**Aim of the task:** In the records below, find the line containing "Los Lobos - Guantanamera - OC FAIR 2019", then copy that line and all lines after it, exactly, omitting every picture.

(Stored entries)
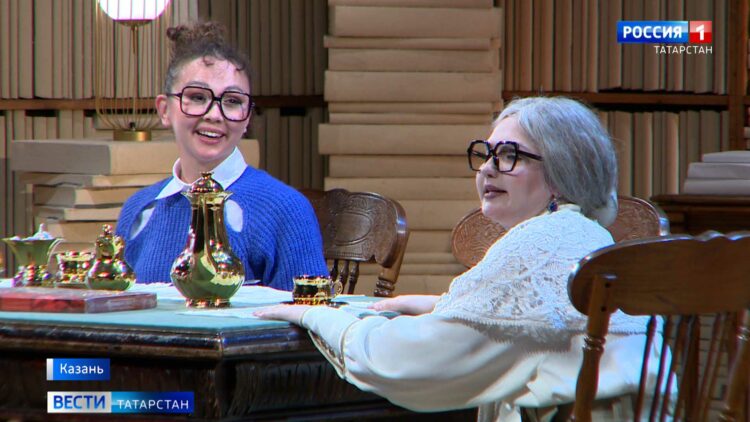 В Нижнекамске высадят 180 тысяч цветов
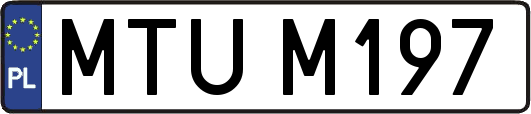 MTUM197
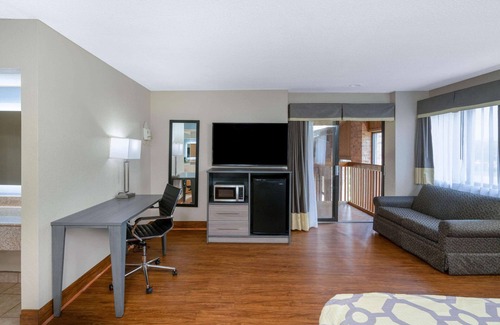 Tupelo Hotel | Baymont by Wyndham Tupelo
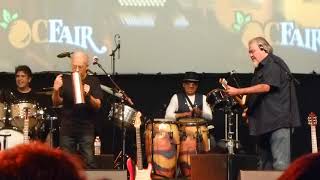 Los Lobos - Guantanamera - OC FAIR 2019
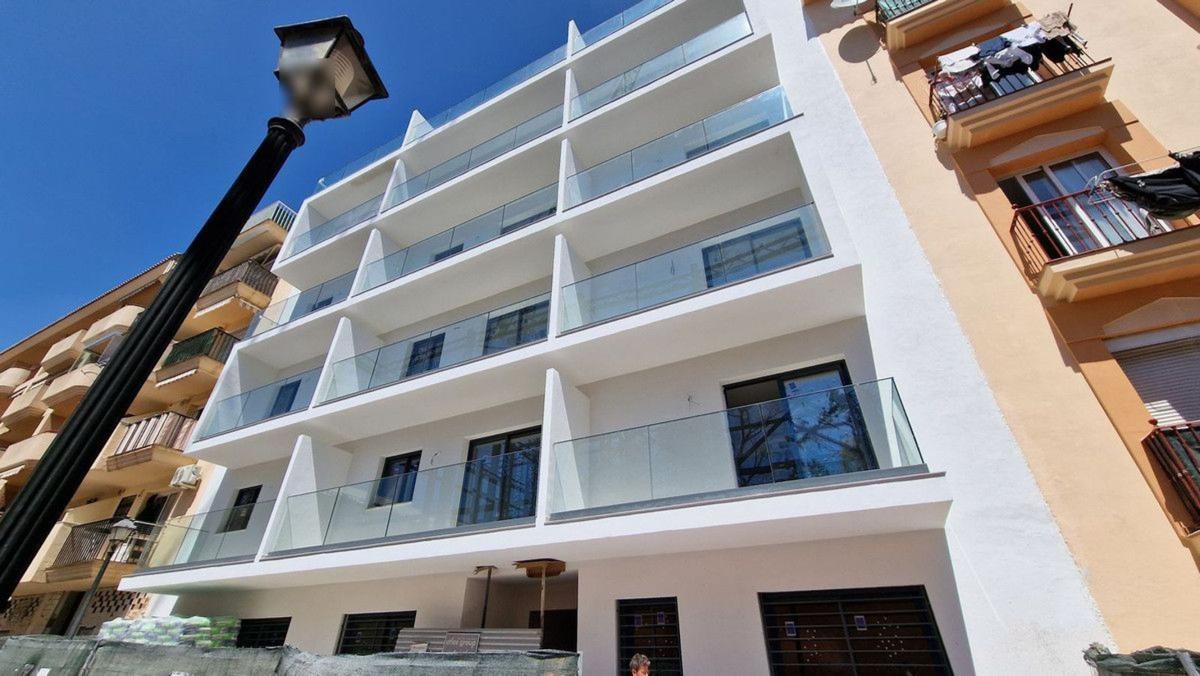 Sprzedaż mieszkania w Piso en Calle Vizcaya, Centro Ciudad, Fuengirola, Fuengirola
photo 1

**Written answer:**
 Los Lobos - Guantanamera - OC FAIR 2019
 Sprzedaż mieszkania w Piso en Calle Vizcaya, Centro Ciudad, Fuengirola, Fuengirola
photo 1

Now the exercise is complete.